(毎日新聞2014年6月29日から抜粋)
○ 作家・早乙女勝元さんの話
集団的自衛権は、「戦闘権」というべきものです。
今の安倍内閣のやり方は、過去の日本がたどった道です。
戦前の日本では、「聖戦を行う神国・日本」「神風が吹いて日本は必ず勝つ」と教えられていました。
しかし、日本の町は焦土と化し、民間人が犠牲になりました。
私の母は、「いつの間にか戦争が始まって、いつの間にか火の粉が降ってくるようになった」と言っていました。
何も知らされないまま国民は戦争に動員された、と思いました。
戦争が恐ろしいのは、その本質が隠蔽される事です。
安倍首相がパネルで説明する集団的自衛権の類型は、きれいな面ばかりを見せています。
もし集団的自衛権の行使を認めたら、自衛隊に死者が出るかもしれないし、日本の基地が狙われる可能性も出てきます。
○ ジャーナリスト・木村元彦さんの話
私は25年前から、東欧の民族問題を取材してきました。
旧ユーゴスラビアの民族紛争では、1999年にNATO軍はアメリカ主導でコソボを空爆しました。
この空爆の狙いは、「コソボにあるアメリカ軍基地の確保」で、正当性は無かったのです。
日本が集団的自衛権の行使を認めれば、アメリカの大義なき戦争にも巻き込まれます。
民族紛争では、民族の数だけ主張があり、見る角度を変えれば正義も変わります。
私が取材をした時は、日本のジャーナリストだと名乗れば、どの民族も温かく迎えてくれました。

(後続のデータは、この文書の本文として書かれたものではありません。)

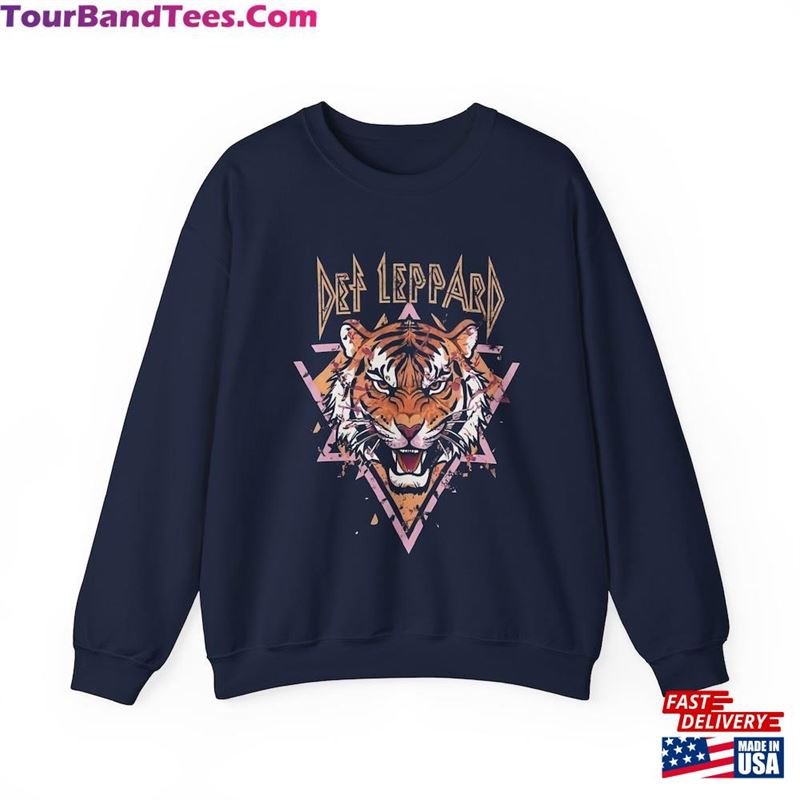 Def Leppard Sweater (Unisex) Hoodie Tour Sweatshirt Unisex 29Uf192831 – Utopia Fashion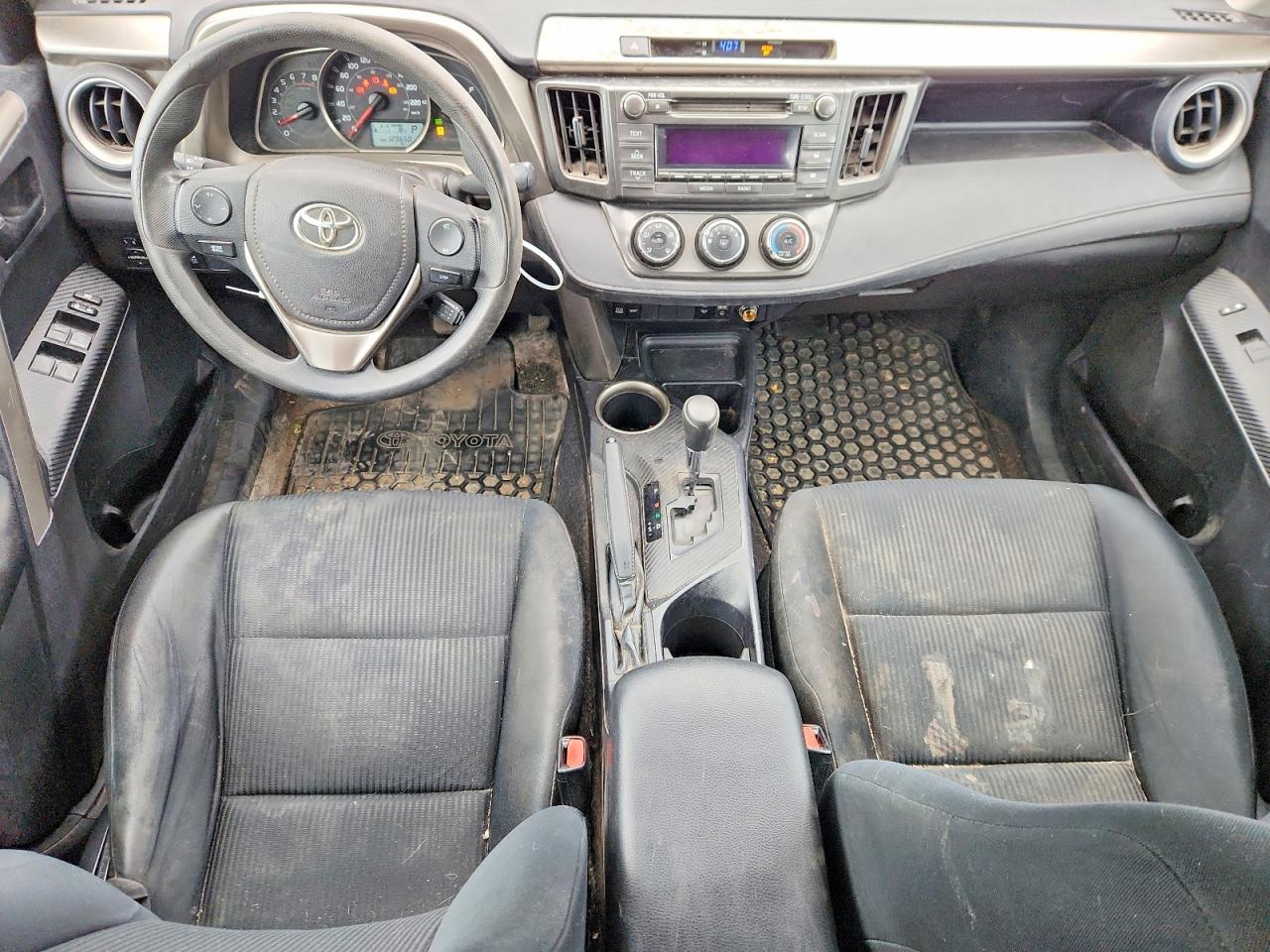2015 Toyota Rav4 Le Gray vin: 2T3BFREV9FW275242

「日本は戦争をしない国だ」と、彼らはよく知っていた。
安倍内閣は、海外の人たちの「日本は戦争をしない」という信頼を(日本の宝物を)、棄てようとしています。
武力を使う範囲は、戦場では限定できません。
このままでは、なし崩しになるでしょう。
閣議決定だけで憲法を変えることも、問題です。
政権の判断で憲法を変えれば、司法が根底から揺らぎます。